[Mimedefang] Spamassassin 3.1 and improved bayes/sql.

Wed Aug 17 14:14:02 EDT 2005

Matthew Schumacher wrote:

> I thought I would mention to the MD users that spamassassin 3.1 which is
> in rc1 has much better bayes/sql support.

Cool.

> I was working with the SA guys and the people on the pgsql performance
> list where Tom Lane came up with a way to pass the tokens as an array
> via a pgsql proc.  The result is grouping all of the tokens from an
> email into a single transaction which is the difference between pgsql
> being unusable to almost as fast as mysql.

Have you thought about simply doing:

     SELECT * FROM bayes WHERE token in ('tok1', 'tok2', ..., 'tokN')
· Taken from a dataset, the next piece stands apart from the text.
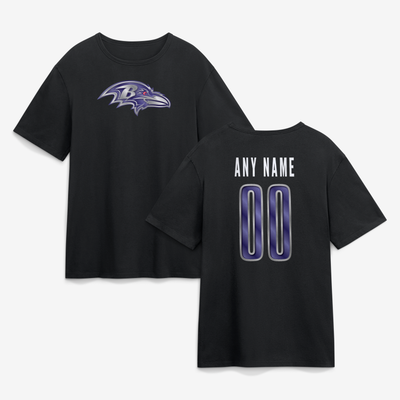 Baltimore Ravens  Metallic Mascot Personalized Name & Number T-Shirt - Black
It seems to me that should be just as fast, and not rely on PostgreSQL
features or stored procedures.

You have to be careful with messages that have extremely large numbers
of tokens; you might need to split the query into chunks of 1000
tokens each or something like that.

> Here is the new benchmark:
> http://wiki.apache.org/spamassassin/BayesBenchmarkResults

Those results are extremely surprising.  Our CanIt benchmarks show
Berkeley DB outperforming PostgreSQL by a factor of 6 to 10, but your
benchmarks show them about equal.  Something is funny there...  I
wonder if it could be that CanIt never locks the BDB files, whereas
SpamAssassin does?  If that's the case, then there's still tremendous
room for improvement on the BDB side.

Also, I don't think the "fsync=false" column should even be presented.
Nobody who cares about his/her data runs PostgreSQL like that, so the
timings in that column are unachievable in real-world situations.

Ironically, just as SpamAssassin is making strides with a centralized
SQL database, in CanIt, we've revised our thinking and started moving
to distributed BDB databases. :-)

Regards,

David.